# Hierarchical Memory Agent Demo

This notebook illustrates a **three-layer memory** design for agents:

- **Short-term memory** — current conversation  
- **Episodic memory** — per-task summaries  
- **Long-term memory** — vector store across many sessions  

We focus on the *conceptual wiring* and simulate behavior with simple Python structures.



## 1. Setup


In [None]:

%pip install -q langgraph langchain-openai langchain chromadb

import os
os.environ.setdefault("OPENAI_API_KEY", "sk-REPLACE_ME")



## 2. Simple Memory Manager

We simulate:

- `short_term`: list of recent messages  
- `episodic`: list of per-session summaries  
- `long_term`: vector store (Chroma) for semantic recall  


In [None]:

from dataclasses import dataclass, field
from typing import List, Dict, Any

from langchain_openai import OpenAIEmbeddings
from langchain.vectorstores import Chroma

@dataclass
class MemoryManager:
    short_term: List[Dict[str, Any]] = field(default_factory=list)
    episodic: List[str] = field(default_factory=list)
    long_term_store: Any = None

    def setup_long_term(self, persist_dir="memory_store"):
        embeddings = OpenAIEmbeddings()
        self.long_term_store = Chroma(collection_name="agent_memory", embedding_function=embeddings, persist_directory=persist_dir)

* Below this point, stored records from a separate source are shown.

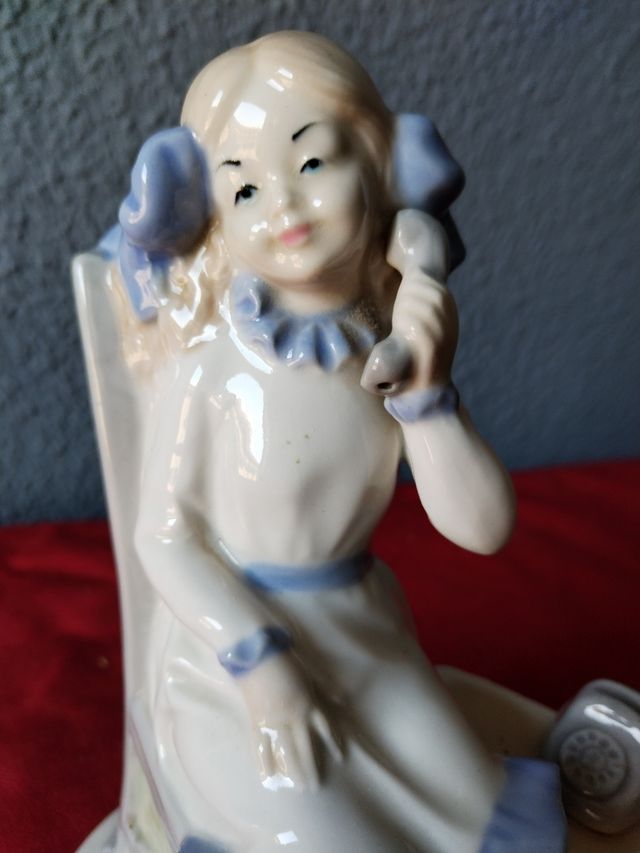 Figura antica in porcellana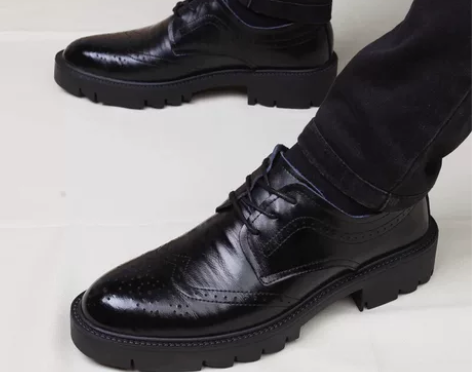 英伦韩版尖头皮鞋男士春秋厚底雕花男鞋真皮商...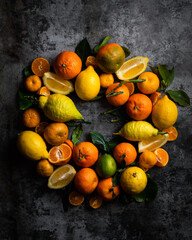 Composition couronne de fruits agrumes oranges citrons clémentines mandarines citrons verts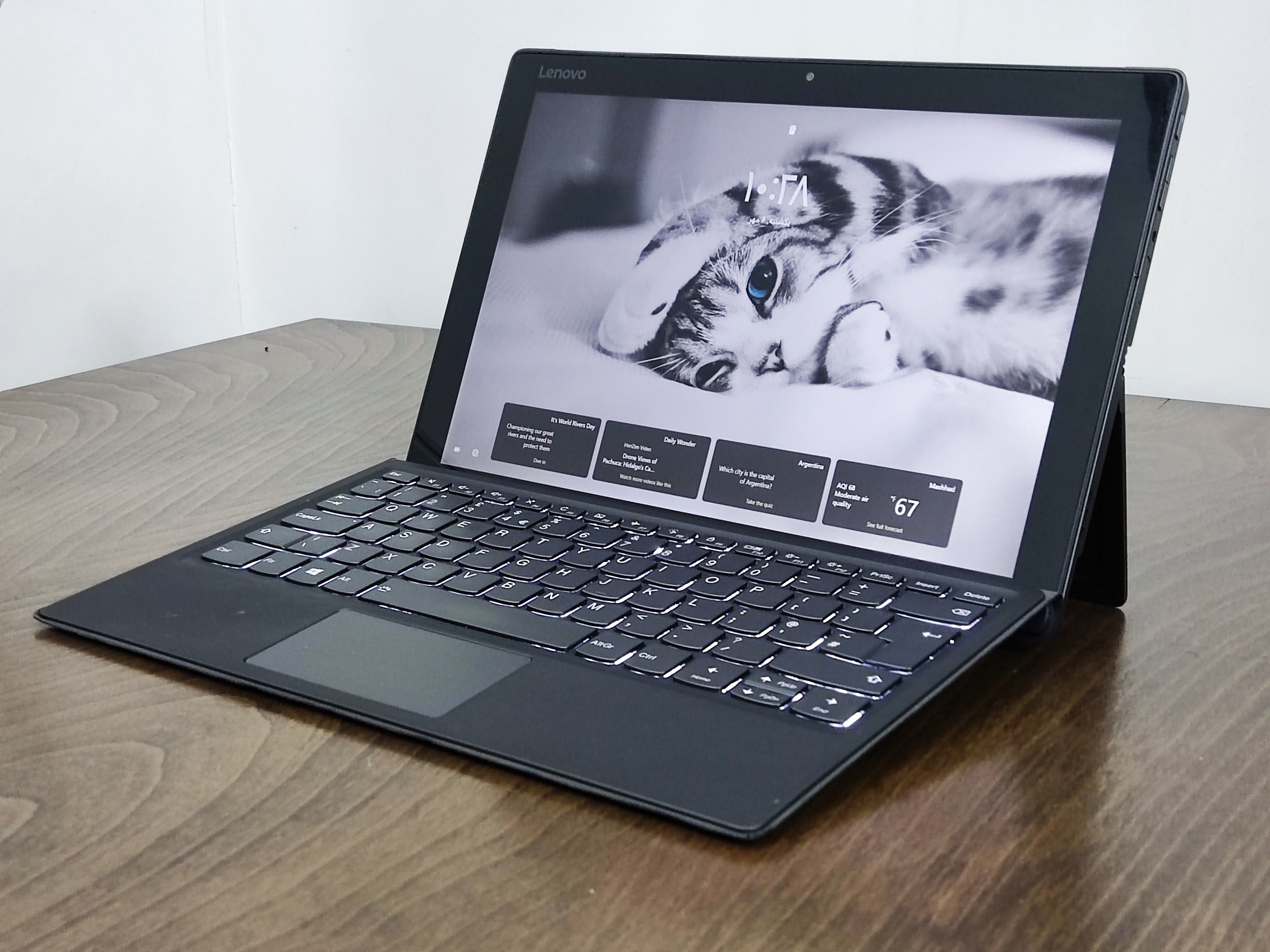  MIIX 520 i5 8TH 8GB 256GB LTE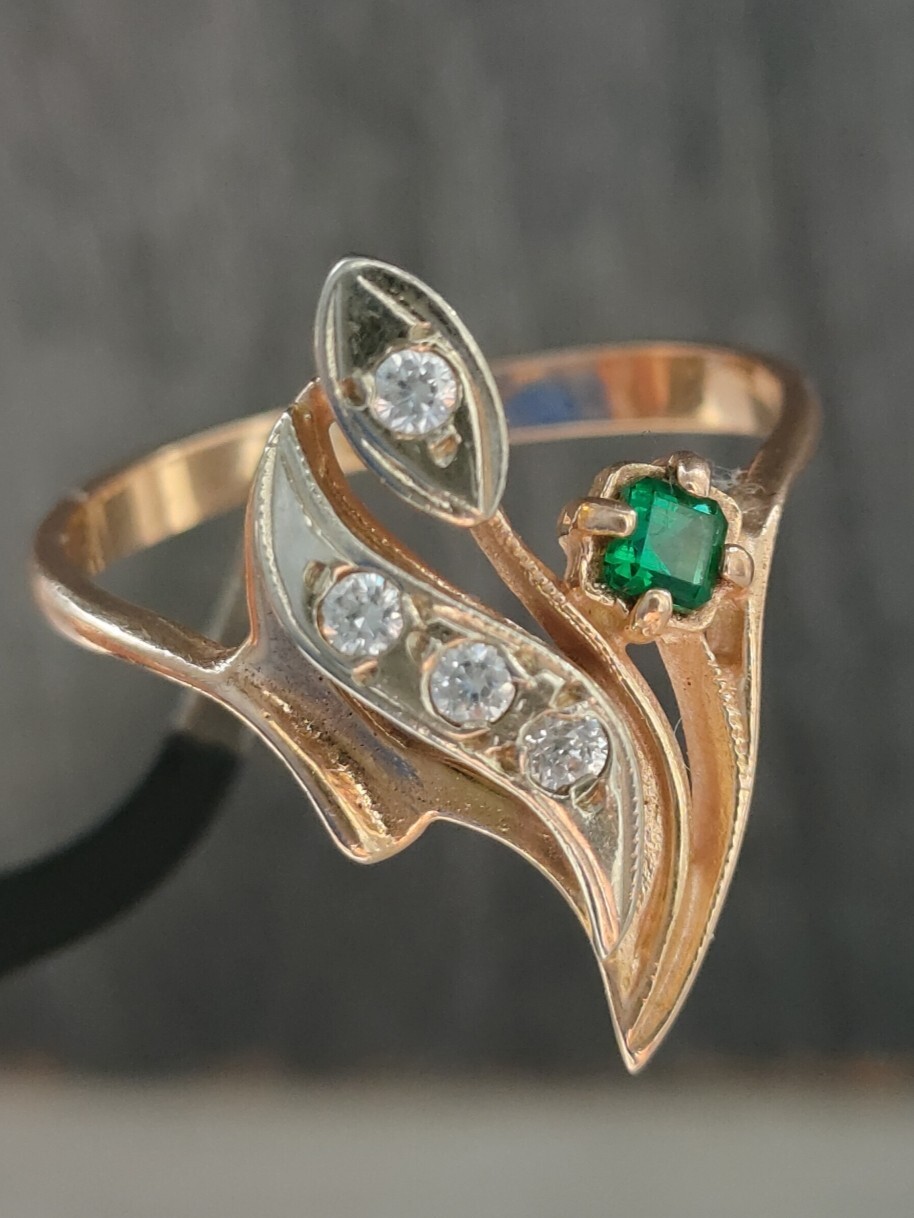 Vintage USSR Gold Ring 14K 585 Solid Rose Gold Emalard Stone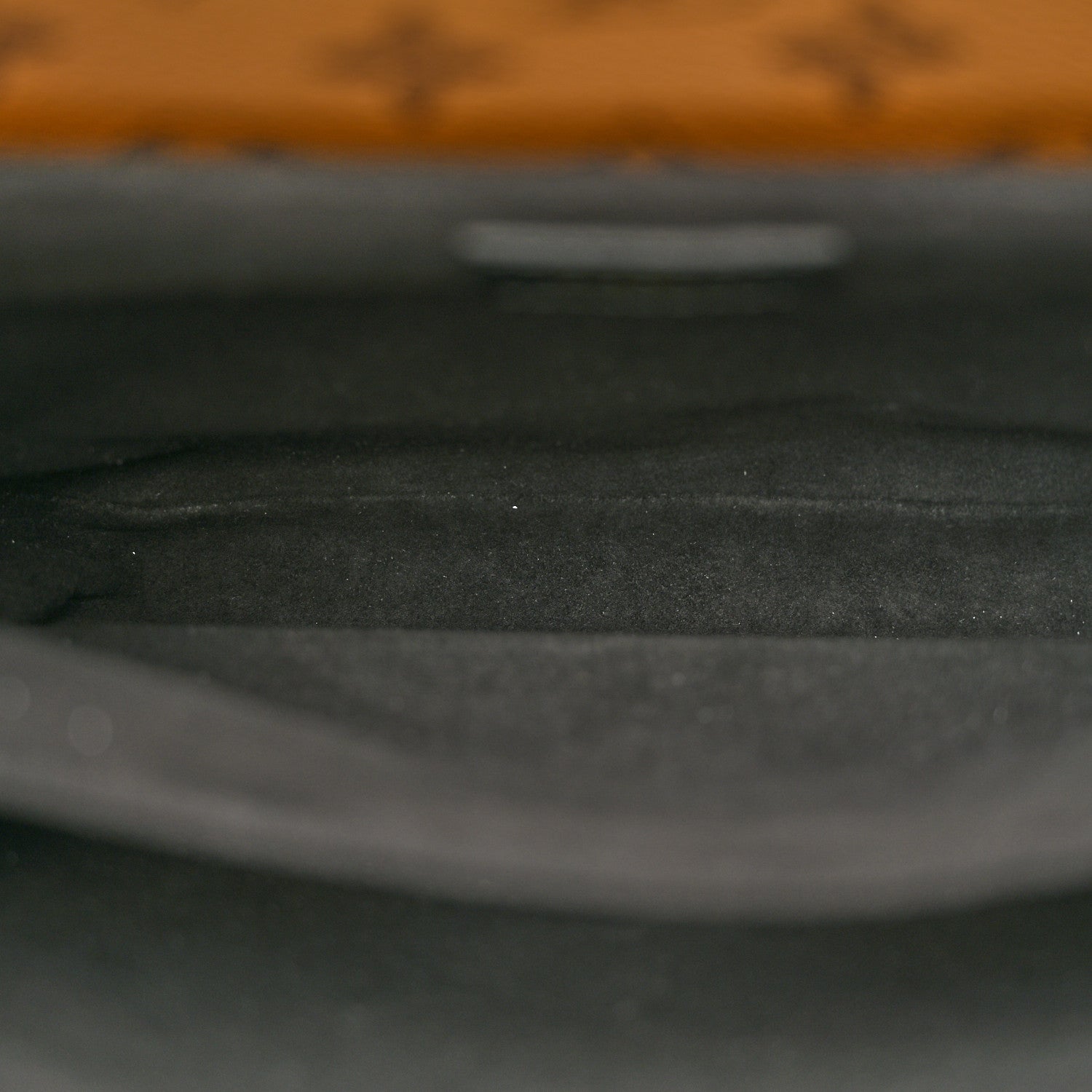 Reverse Monogram Pochette Metis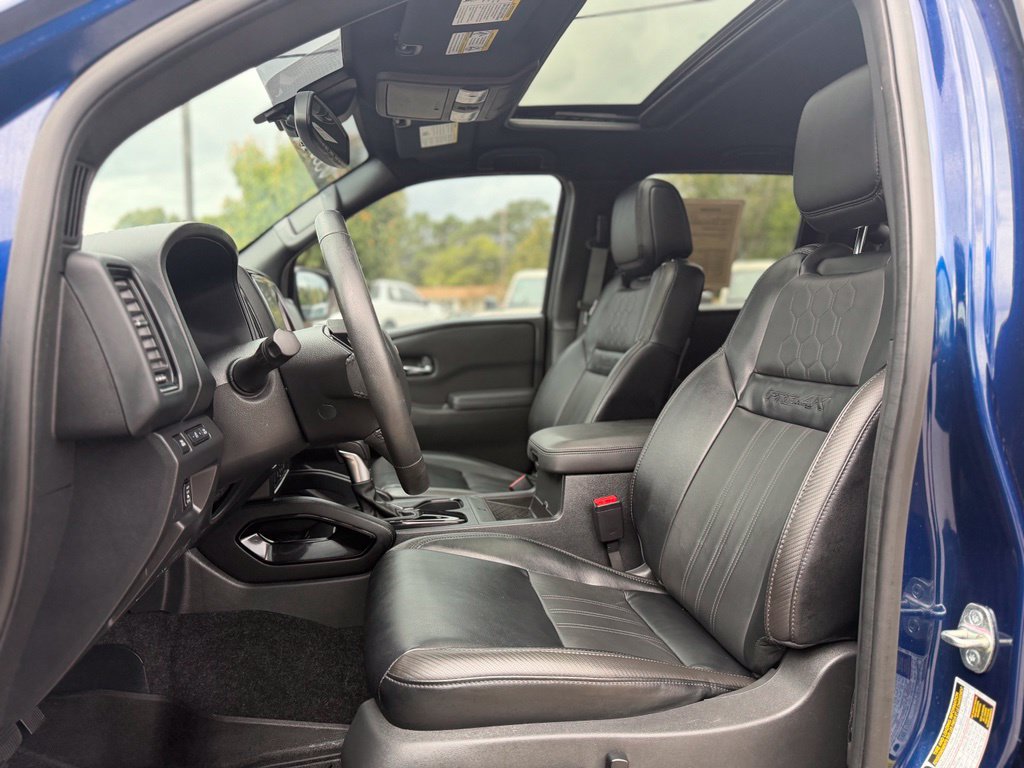 Used 2022 Nissan Frontier PRO-4X w/ Pro-4X Premium Package AWD/4WD image 12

    def add_short(self, msg: Dict[str, Any]):
        self.short_term.append(msg)

    def summarize_to_episode(self, llm):
        text = "\n".join(m["content"] for m in self.short_term if m["role"] == "user")
        prompt = f"Summarize the key facts the user mentioned in 3 bullet points:\n\n{text}"
        summary = llm.invoke([{"role": "user", "content": prompt}]).content
        self.episodic.append(summary)
        self.long_term_store.add_texts([summary])
        self.short_term.clear()
        return summary

    def recall(self, query: str, k: int = 3):
        if self.long_term_store is None:
            return []
        docs = self.long_term_store.similarity_search(query, k=k)
        return [d.page_content for d in docs]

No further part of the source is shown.